Since last week’s cooling rains began, the aspen line has been perceptible on the peaks and slopes, its visibility increasing by the day.

What is not visible yet is any actual gold, although it’s already there. The reason we can see the lines now is that the leaves are already turning: drying, paling, at the moment appearing merely a lighter, brighter green than that of the conifers that surround them, but in truth, they look that way in part because there’s gold there already.

Down here at the mountains’ feet, our own aspens have begun turning, as well — a month and more too soon, at least by normal standards. But there is no “normal” any longer, and precious few “standards” left by which to measure it anyway.

And so we are left with the near-certainty of no real season of turning leaves, no fall filled with foliage on fire. It won’t be the first time; indeed, over the last half-decade, a little more, we’ve probably had more of these years than what was once an ordinary annual event.
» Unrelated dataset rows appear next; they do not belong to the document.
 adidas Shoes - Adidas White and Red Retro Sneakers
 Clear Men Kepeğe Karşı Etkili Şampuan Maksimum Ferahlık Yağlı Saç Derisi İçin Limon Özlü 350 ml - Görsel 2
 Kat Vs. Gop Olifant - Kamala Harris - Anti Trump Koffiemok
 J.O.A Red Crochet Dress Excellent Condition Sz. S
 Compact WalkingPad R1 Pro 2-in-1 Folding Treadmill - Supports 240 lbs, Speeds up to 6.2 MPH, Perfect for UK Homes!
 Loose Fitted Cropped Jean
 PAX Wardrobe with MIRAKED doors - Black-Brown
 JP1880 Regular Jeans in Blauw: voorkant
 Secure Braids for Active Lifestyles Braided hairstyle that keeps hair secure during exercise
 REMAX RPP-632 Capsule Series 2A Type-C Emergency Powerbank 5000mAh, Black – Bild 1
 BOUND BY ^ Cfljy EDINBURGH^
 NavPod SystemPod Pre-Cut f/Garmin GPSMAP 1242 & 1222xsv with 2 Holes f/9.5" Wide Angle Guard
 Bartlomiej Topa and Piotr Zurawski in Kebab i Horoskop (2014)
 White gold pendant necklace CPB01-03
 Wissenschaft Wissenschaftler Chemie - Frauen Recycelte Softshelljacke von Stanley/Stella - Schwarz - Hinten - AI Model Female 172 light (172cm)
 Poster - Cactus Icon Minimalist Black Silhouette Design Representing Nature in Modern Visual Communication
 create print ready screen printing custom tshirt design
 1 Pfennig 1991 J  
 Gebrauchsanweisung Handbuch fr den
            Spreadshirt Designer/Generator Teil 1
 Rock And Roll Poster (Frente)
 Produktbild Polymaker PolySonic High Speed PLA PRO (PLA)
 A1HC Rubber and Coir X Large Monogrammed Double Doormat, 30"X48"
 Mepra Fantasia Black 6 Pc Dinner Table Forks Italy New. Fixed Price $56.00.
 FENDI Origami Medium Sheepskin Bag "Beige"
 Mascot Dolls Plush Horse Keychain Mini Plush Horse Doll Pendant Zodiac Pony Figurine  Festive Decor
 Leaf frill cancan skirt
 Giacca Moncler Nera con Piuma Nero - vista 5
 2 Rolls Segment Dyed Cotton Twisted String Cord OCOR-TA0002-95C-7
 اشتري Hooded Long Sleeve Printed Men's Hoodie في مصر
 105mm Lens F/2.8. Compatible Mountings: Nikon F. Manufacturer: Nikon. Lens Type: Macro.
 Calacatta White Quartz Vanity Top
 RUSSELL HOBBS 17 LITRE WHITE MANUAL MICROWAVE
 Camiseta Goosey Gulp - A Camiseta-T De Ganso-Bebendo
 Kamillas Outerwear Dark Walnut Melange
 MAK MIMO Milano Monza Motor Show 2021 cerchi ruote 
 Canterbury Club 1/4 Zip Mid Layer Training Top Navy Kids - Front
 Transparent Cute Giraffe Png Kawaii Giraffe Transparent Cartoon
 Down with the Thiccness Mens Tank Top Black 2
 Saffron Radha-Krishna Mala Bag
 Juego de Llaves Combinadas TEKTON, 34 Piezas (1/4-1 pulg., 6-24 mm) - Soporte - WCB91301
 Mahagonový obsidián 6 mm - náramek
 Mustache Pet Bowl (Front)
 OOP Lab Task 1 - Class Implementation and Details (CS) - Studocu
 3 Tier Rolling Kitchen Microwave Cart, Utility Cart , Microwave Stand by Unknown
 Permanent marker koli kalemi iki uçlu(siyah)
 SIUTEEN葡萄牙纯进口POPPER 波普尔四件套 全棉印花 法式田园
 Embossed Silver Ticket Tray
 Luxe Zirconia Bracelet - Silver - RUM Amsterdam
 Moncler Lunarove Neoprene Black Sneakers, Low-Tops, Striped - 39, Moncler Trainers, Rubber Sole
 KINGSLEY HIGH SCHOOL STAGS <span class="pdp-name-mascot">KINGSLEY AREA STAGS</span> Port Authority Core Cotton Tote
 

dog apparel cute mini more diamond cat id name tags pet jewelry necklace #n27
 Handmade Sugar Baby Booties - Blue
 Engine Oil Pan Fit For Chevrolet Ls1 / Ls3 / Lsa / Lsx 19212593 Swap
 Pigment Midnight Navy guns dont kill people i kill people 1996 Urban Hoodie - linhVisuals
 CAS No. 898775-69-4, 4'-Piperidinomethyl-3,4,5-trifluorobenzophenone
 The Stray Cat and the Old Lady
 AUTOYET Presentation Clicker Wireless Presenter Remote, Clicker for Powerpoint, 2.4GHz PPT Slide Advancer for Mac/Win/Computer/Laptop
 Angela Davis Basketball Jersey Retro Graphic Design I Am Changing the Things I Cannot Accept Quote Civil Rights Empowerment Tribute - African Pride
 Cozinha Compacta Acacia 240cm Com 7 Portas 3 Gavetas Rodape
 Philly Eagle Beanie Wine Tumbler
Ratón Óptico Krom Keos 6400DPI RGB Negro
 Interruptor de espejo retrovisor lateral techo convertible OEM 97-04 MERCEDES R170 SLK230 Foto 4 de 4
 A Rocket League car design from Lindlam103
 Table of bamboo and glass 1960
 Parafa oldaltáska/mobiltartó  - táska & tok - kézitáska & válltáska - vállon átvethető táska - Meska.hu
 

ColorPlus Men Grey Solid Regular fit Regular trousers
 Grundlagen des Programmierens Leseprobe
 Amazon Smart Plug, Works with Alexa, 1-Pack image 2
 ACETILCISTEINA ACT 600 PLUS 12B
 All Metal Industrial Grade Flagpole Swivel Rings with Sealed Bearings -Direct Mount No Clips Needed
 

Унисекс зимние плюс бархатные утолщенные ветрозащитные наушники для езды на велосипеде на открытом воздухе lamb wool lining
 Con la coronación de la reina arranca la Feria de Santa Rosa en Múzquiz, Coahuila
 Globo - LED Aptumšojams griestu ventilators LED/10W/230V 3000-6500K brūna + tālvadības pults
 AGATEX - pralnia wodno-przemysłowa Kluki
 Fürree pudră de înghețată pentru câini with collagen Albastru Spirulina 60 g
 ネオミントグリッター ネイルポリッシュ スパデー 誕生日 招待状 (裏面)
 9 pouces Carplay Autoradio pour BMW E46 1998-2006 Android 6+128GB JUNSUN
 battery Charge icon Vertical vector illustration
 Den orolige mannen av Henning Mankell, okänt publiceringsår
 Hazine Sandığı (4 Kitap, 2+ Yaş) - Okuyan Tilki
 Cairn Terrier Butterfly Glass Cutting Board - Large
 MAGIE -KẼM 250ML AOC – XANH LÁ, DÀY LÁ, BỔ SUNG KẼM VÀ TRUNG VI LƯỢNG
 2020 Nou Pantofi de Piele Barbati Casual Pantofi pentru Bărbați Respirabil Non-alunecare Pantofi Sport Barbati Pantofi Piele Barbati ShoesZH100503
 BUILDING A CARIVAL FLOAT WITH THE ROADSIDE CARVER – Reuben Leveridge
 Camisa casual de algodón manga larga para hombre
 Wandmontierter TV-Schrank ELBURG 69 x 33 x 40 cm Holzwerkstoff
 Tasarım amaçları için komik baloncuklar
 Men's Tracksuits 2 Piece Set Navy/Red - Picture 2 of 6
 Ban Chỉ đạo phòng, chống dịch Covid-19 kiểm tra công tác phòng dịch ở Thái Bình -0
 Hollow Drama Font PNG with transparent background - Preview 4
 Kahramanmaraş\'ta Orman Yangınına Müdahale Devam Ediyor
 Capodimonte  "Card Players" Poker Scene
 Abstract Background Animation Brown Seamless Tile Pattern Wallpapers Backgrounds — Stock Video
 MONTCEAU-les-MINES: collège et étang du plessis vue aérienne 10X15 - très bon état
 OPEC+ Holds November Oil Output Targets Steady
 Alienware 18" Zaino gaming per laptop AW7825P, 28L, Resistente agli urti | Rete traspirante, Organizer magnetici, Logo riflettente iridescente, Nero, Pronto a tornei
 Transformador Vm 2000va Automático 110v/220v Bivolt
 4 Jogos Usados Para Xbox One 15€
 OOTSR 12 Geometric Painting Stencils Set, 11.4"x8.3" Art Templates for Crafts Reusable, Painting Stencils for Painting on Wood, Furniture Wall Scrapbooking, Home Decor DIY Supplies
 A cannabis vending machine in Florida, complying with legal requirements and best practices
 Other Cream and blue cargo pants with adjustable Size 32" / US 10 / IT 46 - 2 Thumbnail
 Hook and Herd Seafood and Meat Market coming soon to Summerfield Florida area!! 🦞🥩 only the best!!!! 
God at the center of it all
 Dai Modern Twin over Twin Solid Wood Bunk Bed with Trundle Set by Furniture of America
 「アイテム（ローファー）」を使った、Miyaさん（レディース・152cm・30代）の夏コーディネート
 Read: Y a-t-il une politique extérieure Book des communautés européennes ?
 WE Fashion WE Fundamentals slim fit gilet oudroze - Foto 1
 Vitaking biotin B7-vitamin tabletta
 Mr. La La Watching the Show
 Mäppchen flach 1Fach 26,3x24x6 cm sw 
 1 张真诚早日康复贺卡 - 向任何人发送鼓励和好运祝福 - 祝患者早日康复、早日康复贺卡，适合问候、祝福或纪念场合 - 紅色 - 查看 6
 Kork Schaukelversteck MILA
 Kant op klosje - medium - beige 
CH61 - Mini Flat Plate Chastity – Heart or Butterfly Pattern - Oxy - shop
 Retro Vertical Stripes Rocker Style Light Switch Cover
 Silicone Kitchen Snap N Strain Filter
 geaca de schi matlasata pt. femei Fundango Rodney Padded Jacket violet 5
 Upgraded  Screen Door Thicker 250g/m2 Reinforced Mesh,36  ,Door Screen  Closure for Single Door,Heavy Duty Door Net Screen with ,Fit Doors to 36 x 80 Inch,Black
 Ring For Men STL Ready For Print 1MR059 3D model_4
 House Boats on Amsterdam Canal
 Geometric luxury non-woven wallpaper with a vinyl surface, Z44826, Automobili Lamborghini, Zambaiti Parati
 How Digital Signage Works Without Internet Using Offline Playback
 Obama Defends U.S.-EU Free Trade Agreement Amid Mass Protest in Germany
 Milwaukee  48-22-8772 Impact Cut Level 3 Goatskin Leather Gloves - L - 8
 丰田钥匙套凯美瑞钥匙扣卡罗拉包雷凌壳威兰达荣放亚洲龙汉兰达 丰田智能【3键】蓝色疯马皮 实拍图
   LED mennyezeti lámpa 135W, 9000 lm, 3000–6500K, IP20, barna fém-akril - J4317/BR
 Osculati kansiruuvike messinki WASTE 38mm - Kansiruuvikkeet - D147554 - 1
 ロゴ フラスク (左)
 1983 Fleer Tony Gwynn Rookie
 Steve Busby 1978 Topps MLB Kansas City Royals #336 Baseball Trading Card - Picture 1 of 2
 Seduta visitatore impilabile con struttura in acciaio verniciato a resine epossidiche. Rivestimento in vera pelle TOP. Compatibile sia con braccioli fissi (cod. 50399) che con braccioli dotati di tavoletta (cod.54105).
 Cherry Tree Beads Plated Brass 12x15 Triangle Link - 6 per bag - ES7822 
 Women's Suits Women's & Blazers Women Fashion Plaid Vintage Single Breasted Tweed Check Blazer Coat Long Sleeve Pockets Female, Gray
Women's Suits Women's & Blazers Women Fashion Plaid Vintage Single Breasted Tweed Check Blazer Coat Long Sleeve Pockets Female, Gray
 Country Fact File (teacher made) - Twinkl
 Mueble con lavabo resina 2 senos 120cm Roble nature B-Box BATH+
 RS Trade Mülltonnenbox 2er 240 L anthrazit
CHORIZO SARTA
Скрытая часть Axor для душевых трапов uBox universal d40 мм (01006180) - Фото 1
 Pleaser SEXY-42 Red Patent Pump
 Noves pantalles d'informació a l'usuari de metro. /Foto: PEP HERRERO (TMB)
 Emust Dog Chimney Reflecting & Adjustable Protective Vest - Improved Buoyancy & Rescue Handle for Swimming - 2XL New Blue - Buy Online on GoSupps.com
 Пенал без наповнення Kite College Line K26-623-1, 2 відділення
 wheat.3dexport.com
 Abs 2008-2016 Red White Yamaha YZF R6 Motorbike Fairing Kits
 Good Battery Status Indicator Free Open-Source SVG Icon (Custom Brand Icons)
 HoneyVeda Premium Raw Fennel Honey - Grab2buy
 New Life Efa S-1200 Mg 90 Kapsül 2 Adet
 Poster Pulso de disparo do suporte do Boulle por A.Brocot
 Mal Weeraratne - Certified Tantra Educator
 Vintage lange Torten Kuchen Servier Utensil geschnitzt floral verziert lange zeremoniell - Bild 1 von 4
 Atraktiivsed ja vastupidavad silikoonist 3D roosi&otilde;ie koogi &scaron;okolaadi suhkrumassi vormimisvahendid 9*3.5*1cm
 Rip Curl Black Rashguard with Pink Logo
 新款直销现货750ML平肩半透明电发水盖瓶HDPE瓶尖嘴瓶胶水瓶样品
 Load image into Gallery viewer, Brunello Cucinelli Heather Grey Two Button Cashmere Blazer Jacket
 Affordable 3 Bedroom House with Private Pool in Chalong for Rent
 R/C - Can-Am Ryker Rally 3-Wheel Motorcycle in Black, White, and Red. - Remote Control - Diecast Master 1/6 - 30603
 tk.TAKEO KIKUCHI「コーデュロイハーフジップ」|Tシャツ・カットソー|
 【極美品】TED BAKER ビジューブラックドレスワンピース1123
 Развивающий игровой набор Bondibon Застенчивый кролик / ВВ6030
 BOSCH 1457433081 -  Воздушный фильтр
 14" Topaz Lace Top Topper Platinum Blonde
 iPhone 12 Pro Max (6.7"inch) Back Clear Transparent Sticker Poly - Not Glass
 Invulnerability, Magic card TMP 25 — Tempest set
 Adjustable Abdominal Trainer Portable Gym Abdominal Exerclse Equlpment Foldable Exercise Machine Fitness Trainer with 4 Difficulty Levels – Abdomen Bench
It’s one more loss among so many that we have lost count by now, but it’s a significant one.

I find myself looking to the trees a hundred times a day now, trying to catch each turn of leaf, each shift from green to gold, and beyond. It’s mostly unconscious, and I suppose the hope is to imprint them in memory, against a time, now looming, when the drought ensures that there are no trees to change color anymore.

It’s a sobering thought; a grief-inducing one, too.

There is so much still that can be done, that must be done, but so little commitment to do it.

For now, our one saving grace is to let what we still can see inspire us: to prevent its disappearance, yes, but more to the point, to shore up our spirits in the brutally hard but necessary work of saving what we can and rebuilding, as much as possible, what we can’t.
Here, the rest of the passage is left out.